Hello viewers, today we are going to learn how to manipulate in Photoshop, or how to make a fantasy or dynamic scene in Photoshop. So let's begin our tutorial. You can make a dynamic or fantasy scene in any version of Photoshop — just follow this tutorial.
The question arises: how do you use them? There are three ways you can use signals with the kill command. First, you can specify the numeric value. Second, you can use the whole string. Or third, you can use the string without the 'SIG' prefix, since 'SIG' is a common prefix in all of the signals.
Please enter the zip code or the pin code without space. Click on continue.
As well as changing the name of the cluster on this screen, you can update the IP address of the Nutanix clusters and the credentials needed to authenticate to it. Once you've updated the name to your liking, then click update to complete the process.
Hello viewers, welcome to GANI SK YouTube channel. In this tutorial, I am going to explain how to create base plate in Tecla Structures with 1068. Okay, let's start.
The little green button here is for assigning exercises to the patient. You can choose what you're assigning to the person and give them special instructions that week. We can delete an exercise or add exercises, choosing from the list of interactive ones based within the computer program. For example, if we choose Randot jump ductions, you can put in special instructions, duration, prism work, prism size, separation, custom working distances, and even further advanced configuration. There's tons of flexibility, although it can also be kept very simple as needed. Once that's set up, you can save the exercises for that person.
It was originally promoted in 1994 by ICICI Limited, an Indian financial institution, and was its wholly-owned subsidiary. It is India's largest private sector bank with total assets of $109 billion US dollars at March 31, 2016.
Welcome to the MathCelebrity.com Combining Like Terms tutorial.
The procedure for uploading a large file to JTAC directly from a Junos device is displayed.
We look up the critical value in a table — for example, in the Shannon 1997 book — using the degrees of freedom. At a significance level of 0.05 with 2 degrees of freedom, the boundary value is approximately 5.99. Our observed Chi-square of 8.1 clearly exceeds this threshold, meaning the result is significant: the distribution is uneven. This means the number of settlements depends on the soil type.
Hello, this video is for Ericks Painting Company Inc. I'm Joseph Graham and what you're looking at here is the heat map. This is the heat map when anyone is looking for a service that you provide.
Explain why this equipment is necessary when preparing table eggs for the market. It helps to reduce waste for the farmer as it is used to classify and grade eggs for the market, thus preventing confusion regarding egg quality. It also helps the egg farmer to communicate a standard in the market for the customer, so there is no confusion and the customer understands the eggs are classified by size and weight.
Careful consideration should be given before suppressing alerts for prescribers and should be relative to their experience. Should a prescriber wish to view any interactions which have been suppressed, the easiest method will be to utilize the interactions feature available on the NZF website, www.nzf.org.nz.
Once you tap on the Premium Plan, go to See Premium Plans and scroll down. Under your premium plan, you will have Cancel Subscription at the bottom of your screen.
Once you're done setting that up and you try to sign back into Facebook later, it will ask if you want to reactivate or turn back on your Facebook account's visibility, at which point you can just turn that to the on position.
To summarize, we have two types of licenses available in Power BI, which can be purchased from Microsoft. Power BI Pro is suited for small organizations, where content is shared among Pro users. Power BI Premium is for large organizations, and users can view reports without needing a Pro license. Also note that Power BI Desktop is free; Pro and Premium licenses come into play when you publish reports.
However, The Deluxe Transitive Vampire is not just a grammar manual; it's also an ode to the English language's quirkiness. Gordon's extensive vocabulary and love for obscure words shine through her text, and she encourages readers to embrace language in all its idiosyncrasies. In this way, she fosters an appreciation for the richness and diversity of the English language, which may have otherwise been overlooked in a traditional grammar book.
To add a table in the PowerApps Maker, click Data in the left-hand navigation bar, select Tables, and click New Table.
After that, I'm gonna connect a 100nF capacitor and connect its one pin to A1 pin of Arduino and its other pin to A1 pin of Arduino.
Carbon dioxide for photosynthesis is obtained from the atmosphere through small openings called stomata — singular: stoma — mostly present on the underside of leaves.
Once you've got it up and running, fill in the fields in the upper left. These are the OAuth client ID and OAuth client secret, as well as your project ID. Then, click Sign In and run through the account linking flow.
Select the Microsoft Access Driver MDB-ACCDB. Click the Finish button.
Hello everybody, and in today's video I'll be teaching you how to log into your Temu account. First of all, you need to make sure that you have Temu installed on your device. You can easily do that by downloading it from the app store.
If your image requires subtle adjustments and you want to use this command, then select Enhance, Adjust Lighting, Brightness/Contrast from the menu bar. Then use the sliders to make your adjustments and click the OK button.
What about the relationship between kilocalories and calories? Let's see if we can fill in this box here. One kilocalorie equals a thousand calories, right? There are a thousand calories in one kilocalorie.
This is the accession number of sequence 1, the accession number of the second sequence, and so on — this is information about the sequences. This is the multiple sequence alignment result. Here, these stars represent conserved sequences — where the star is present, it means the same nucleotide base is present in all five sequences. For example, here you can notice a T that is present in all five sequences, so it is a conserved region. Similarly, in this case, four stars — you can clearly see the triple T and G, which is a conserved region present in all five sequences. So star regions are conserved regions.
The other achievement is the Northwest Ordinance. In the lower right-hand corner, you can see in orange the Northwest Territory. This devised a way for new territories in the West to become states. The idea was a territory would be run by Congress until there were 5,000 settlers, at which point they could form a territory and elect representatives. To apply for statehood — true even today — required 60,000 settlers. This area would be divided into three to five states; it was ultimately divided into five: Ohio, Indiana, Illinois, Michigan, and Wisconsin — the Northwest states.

:: Required action ::
Above are the records; repeat exactly the lines from the one holding "Once you tap" down to the one holding "Once you're done", end lines included.

:: Result ::
Once you tap on the Premium Plan, go to See Premium Plans and scroll down. Under your premium plan, you will have Cancel Subscription at the bottom of your screen.
Once you're done setting that up and you try to sign back into Facebook later, it will ask if you want to reactivate or turn back on your Facebook account's visibility, at which point you can just turn that to the on position.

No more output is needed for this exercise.